March 21st, 2008
I’m not a fan of mark-to-market accounting, partially due to the loss of comparability across firms. It introduces a level of flexibility that can be gamed by the unscrupulous. That said, any accounting method can be gamed. Accounting attempts to assign the value of economic activity at and across points in time.
Now, with financial firms, there are typically several accounting bases going on at the same time. There’s GAAP, Regulatory, Tax, and then the accounting for special agreements, which may be different than any of the three major accounting bases.
Why has mark-to-market come up as an issue recently? Because it has seemingly created downside volatility in the financial statements, leading investors to panic, which pushes down security prices.
In my opinion, the greater problems are how a firm finances itself, how it is regulated, and negative optionality in its assets and positive optionality in its liabilities. I’ll give some examples to illustrate:
With Thornburg, the problem was over-reliance on short-term lending to finance long term assets. It doesn’t matter how you do the GAAP accounting here. The brokers will look at the day-to-day market value of the positions versus the capital supporting them. If the capital becomes insufficient to carry the position, the positions will be liquidated. Given that there were a lot of players with similar trades, and funding in the repo market, that created an ideal setup for the most levered to lose a lot as financing dried up.
Bear Stearns also relied on short-term financing.
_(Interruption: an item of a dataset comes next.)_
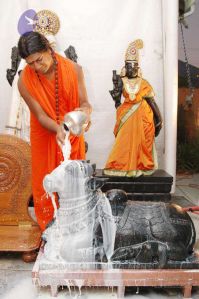 2010 PhotoAlbum Photo 1154 1SDfG wwg4mrx36lrqLWe1wD1Mq6F3FXP.jpg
Bear ran with high leverage that made them vulnerable to attacks from those that bought credit protection in the credit default swap market… as those spreads went up, the willingness to extend credit went down. Ratings downgrades pushed up, and in some cases eliminated the willingness of lenders to extend short term credit. (Bear also lacked friends to help them in their time of need, a payoff for not helping on LTCM. Lehman had similar leverage, but the Street supports it.) Also, derivative agreements often specify a need for more collateral if downgrades occur, which is exactly the wrong time to have to provide more collateral. Again, this has nothing to do with GAAP accounting, but it has a lot to do with positive optionality in the liabilities of the firm. (I.e., the liability can get more onerous under conditions of stress.)
Consider PXRE, which recently merged with Argonaut Group. When the storms of 2005 hit, they claims against them were bad enough, but many of their reinsurance agreements had downgrade clauses, saying they would have to post collateral. Though it didn’t bankrupt them, it could have, and they had to find a buyer. Nothing to do with GAAP accounting.
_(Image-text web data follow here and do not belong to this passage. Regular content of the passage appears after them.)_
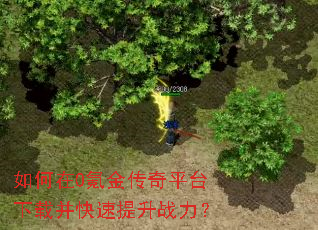 如何在0氪金传奇平台下载并快速提升战力? 如何在0氪金传奇平台下载并快速提升战力?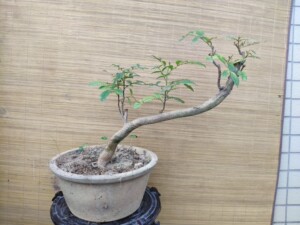 两面针盆景 入地金牛盆景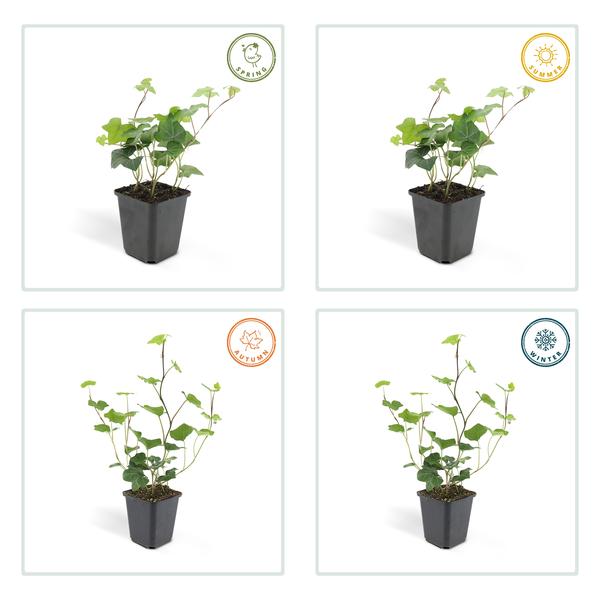 Großblättriger Irischer Efeu Hedera hibernica – Kletterpflanze & Bodendecker – Ø9cm – ↕10-25cm – pflegeleicht & robust – Plant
General American wrote a bunch of floating rate Guaranteed Investment Contracts that had 7-day put provisions after a ratings downgrade. They wrote so much of them, that they comprised 25% of their liability structure. When they got downgraded, they could not meet the call on liquidity. They wen insolvent. Nothing to do with GAAP accounting.
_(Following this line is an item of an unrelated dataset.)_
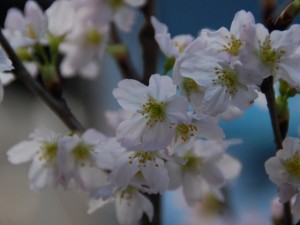 ssc_00153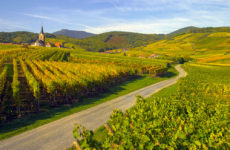 route des vins alsace mulhouse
CIT got downgraded and drew down their revolver because of a liquidity shortfall. The stock has fallen more then 80% in the past year. Mark-to-market accounting to blame? No, deteriorating assets and too much short-term financing.
I could go on. Regulators are under no obligation to use mark-to-market accounting, and they can set capital levels as they please. Optimally, regulators should look at risk based liquidity. How likely is it that a financial firm will have adequate liquidity in all circumstances? How safe and liquid are the assets? Is the liability structure long enough to support them? Can the liability structure dramatically shorten? (I.e., a run on the bank.)
Deterioration in the value of assets has to be addressed by accounting somehow. But regardless of the method, those that finance the company will look beyond the published GAAP financials, and will look at the cash generation capacity of the firm over the life of the loan, and how prone to change that could be. Even if a firm could take an asset worth 80 cents and mark it at $1.00, the sophisticated lenders would only assign 80 cents of value.
Along with The Analyst’s Accounting Observer, I don’t see mark-to-market accounting as a major threat to the solvency of firms. The companies that have gotten into trouble recently have held assets of dubious quality, and have financed themselves with too much leverage, borrowing short-term, and/or implicitly sold short options against their firms that weakened themselves during a crisis. Dodgy assets and liquid liabilities are poisonous to any firm, regardless of the accounting method.